Donde nunca se distraía, todo lo contrario, se mostraba atentísimo, era ante sus pacientes. Incurría, por el contrario, en distracciones legendarias cuando estaba de vacaciones y las contaba después con orgullo; en realidad, presumía a menudo de sus debilidades, que eran pocas, y nunca de sus virtudes, que eran la paciencia, el afecto y una sosegada valentía. Aparentemente frágil, poseía una rara fortaleza de ánimo, que se manifestaba más en el soportar que en el actuar, y que transmitía como un tesoro entre quienes lo rodeaban.

No sé demasiado de él antes de 1943; desde entonces no tuvo una vida feliz. Era judío, y para evitar ser capturado por los alemanes, en el otoño de aquel año hizo un intento de exiliarse en Suiza, junto con un amplio grupo de familiares. Todos ellos lograron cruzar la frontera, pero los guardias suizos se mostraron inflexibles: aceptaron únicamente a los ancianos, a los niños y a sus padres; todos los demás fueron devueltos a la frontera italiana: de hecho, a manos de los fascistas y de los alemanes. Nos conocimos en el campo de tránsito italiano de Fossoli, nos deportaron juntos, y desde entonces nunca nos separamos hasta nuestro regreso a Italia, en octubre de 1945.

A la llegada al campo de concentración, su esposa, que era una mujer amable, indefensa y tan dispuesta a defender a los demás como él, fue inmediatamente asesinada. Él había declarado su condición de médico, pero no sabía alemán, y le correspondió por lo tanto el destino común: afanarse en el barro y la nieve, empujando carros, sacar paladas de carbón, tierra y grava. Era un trabajo agotador para todos, mortal para él, físicamente débil, poco entrenado y ya de una cierta edad. Al cabo de pocos días de trabajo, los zapatos le hirieron los pies, estos se le hincharon, y tuvo que ser trasladado a la enfermería.

Allí las inspecciones de los médicos de las SS eran frecuentes: lo consideraban incapaz de trabajar, y lo incluían en las listas de la muerte por gas; más tarde, afortunadamente, intervenían sus colegas en ejercicio, los médicos-prisioneros de la enfermería, franceses o polacos: consiguieron nada menos que cuatro veces que se borrara su nombre. Pero en los intervalos entre las condenas y las provisionales absoluciones él nunca dejaba de ser quien era: frágil, pero no echado a perder por la inhumana vida del campo, mansa y serenamente consciente, amigo de todos, incapaz de resentimiento, sin angustia y sin miedo.

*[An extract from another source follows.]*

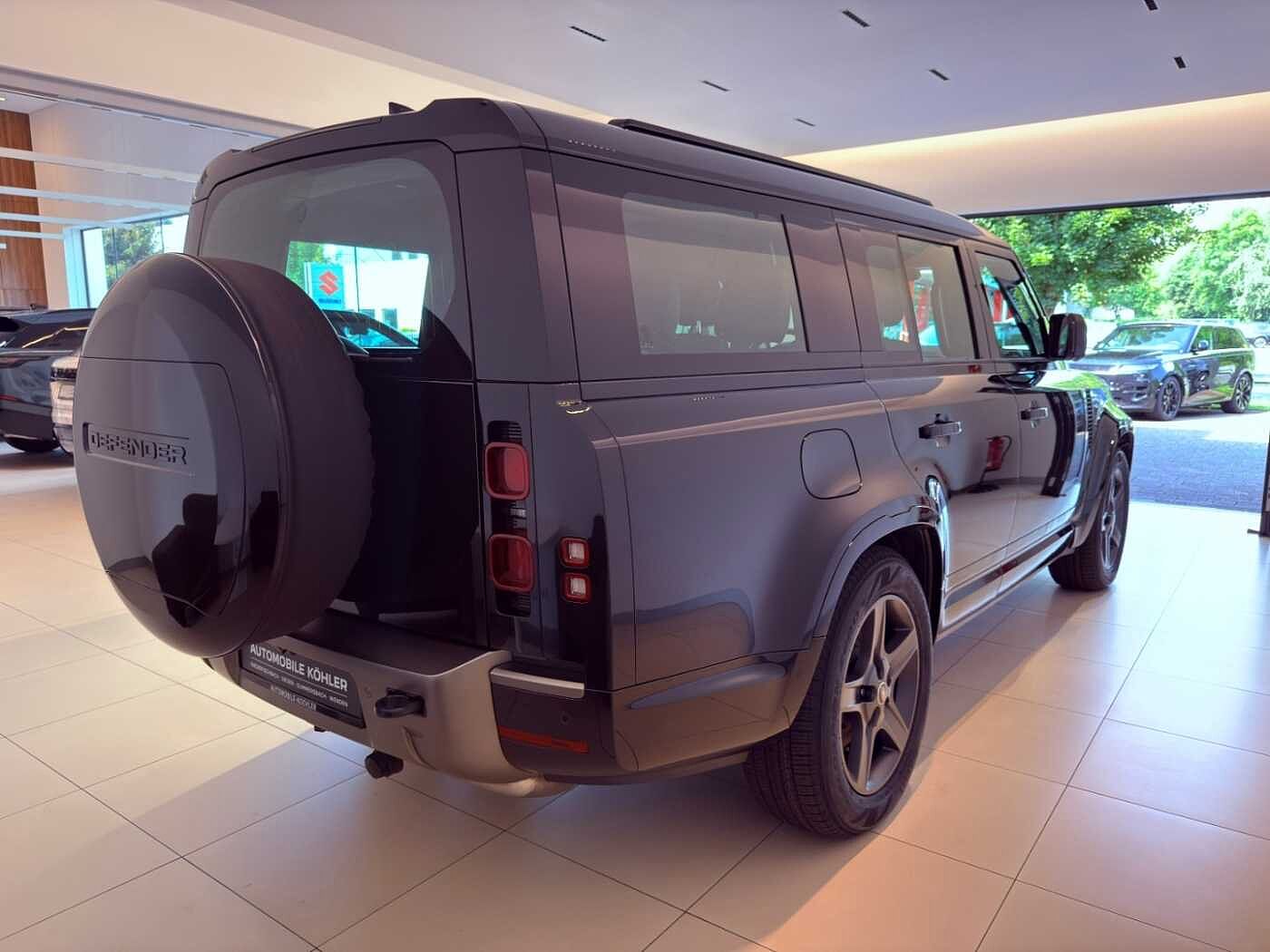 Land Rover Defender Dynamic SE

Fuimos liberados juntos; juntos recorrimos miles de kilómetros por tierras lejanas, e incluso en ese viaje interminable e inexplicable su figura gentil e indomable, su contagiosa capacidad de esperanza y su celo de médico sin medicinas resultaron preciosos no solo para nosotros, los escasísimos supervivientes de Auschwitz, sino también para otros miles de italianos, hombres y mujeres, en los inciertos caminos del regreso del exilio.

Finalmente de vuelta a Turín, se distinguió entre todos los supervivientes por su perseverancia en mantener viva la red de solidaridad entre sus compañeros de prisión, incluso lejanos, incluso extranjeros. Desde entonces, vivió durante casi cuarenta años en una condición que solo un hombre como él habría sido capaz de construir a su alrededor: solo para el registro civil, pero en realidad rodeado por una miríada de amigos, antiguos y recientes, los cuales se sentían en deuda con él por algo: muchos por la salud, otros por un sensato consejo, los de más allá solo por su presencia y por su sonrisa de niño, pero jamás olvidadiza ni dolorosa, que aligeraba los corazones.